This morning while she was napping I was perusing babble.com and came across some thought provoking articles--too many to share, actually (but check out this one if you've got the time!). Through link clicking, however, I ended up at the personal blog of one of their contributors, The Happiest Mom. For all of you children-having-types, check it out for sure. That link is for an article entitled "WOHMs, WAHMs, SAHMs: who wins the “unhappiest” award?" and it hits home a topic that I've been mulling around for quite some time now--the fact that what is right for YOU, isn't right for EVERYONE and that simply because it's right for YOU doesn't make it better.

This thought, of course, doesn't just apply to parenting, but to just about aspect of life. I can't stand fish or ketchup, but I recognize that there's nothing fundamentally wrong about either. For many people, hanging out at the bar is their idea of a good time--I can think of few things I'd less like to do.

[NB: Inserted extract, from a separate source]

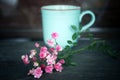 Beautiful little pink roses with blurry background of a cup of coffee. Still life concept. Valentine concept. Royalty Free Stock Photo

It's been an adjustment living in an Army community. Always before in my life I'd naturally gravitated to people with shared interests. Inevitably they understood me, because they were like-minded. In this community it's been something of a different story. I'm something of an oddball here--from my views on feminism to parenting to the way I enjoy spending my free time. I feel confident about what I believe until I'm face to face with someone looking at me with a distressed and pitying expression as I answer the "What have you been up to lately?" question. My idea of a good time is not theirs, and they worry for me, which I guess in a way is sweet. The only thing is, I feel the same baffled confusion over how they chose to spend their time, but I'm so in the minority I lose by default.

Of course the really incidious thing is that there are certain choices that probably are better than others. I think we all worry to some extent about the choices we make--as a parent, financially, spiritually, personally, etc. We seek to compare our choices with those around us, not out of some petty quest to put the other person in their place, but rather to gain a personal validation of the decision we've made and are hoping is the right choice.

Wow, all that before 10 am.

1 comments:

Kyla said...

It is very true. I think that most decisions we make as parents, or women, or humans in general, don't have a single RIGHT answer that applies to everyone. We are not the same, so it stands to reason our choices would not be the same. I always try to keep that in mind when viewing someone else's life choices. They aren't me and their path is going to unfold differently in many ways. It doesn't make their choices any less valid.